> [Exercise] Set down each line of the records once more, precisely, and omit the pictures.

Short text fragments from websites
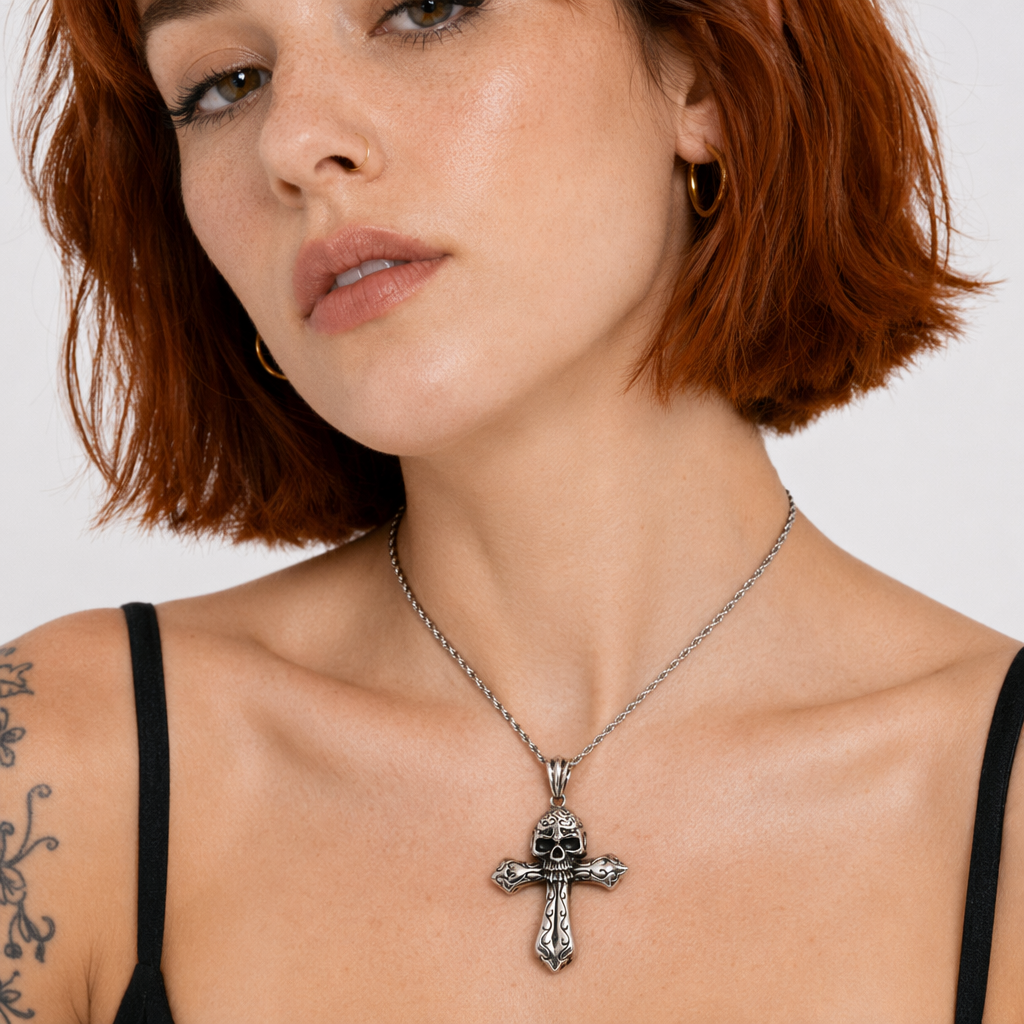 Skull Cross Pendant Necklace Default Title
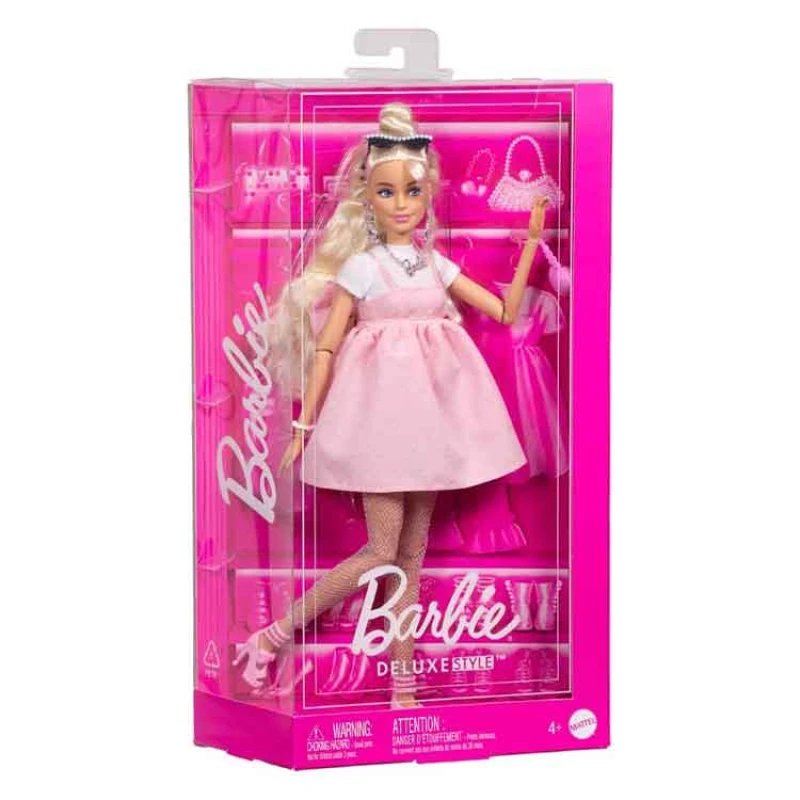 Image of Barbie Deluxe Style Doll in Pastel Pink Dress with Bow -32cm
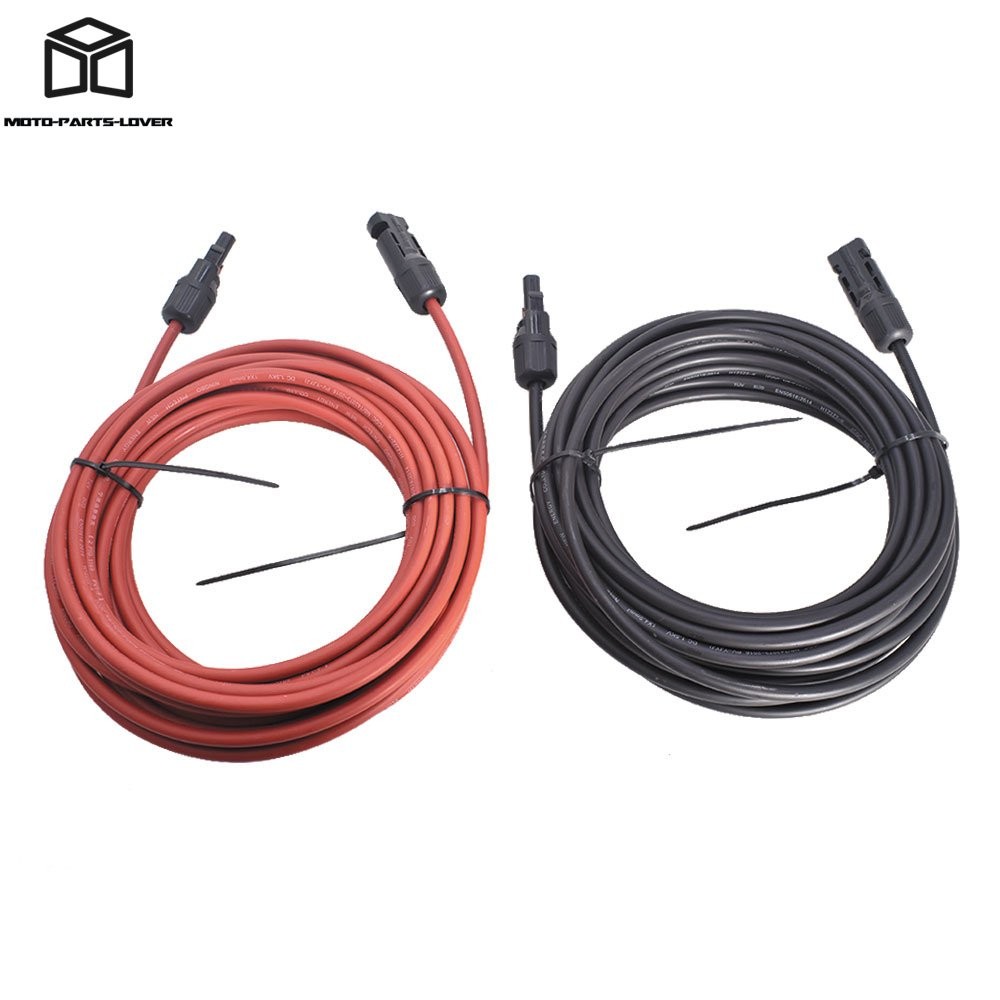 1 Pair Black + Red Wire Connector 10AWG Solar Panel Extension Cable 30 Feet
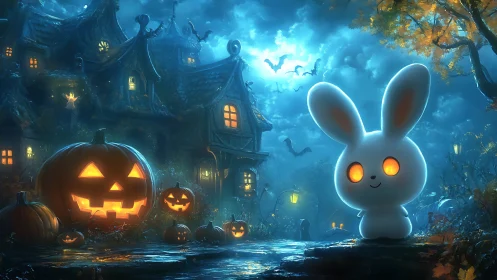 Glowing eyed rabbit stands in front of pumpkins at night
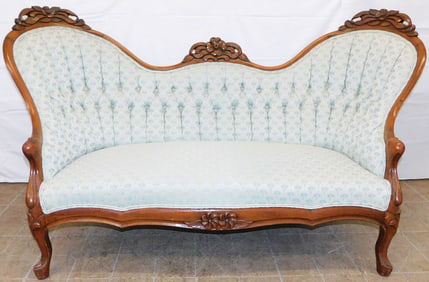 Antique Carved Walnut Victorian Settee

> [Result for this exercise]
 Skull Cross Pendant Necklace Default Title
 Image of Barbie Deluxe Style Doll in Pastel Pink Dress with Bow -32cm
 1 Pair Black + Red Wire Connector 10AWG Solar Panel Extension Cable 30 Feet
 Glowing eyed rabbit stands in front of pumpkins at night
 Antique Carved Walnut Victorian Settee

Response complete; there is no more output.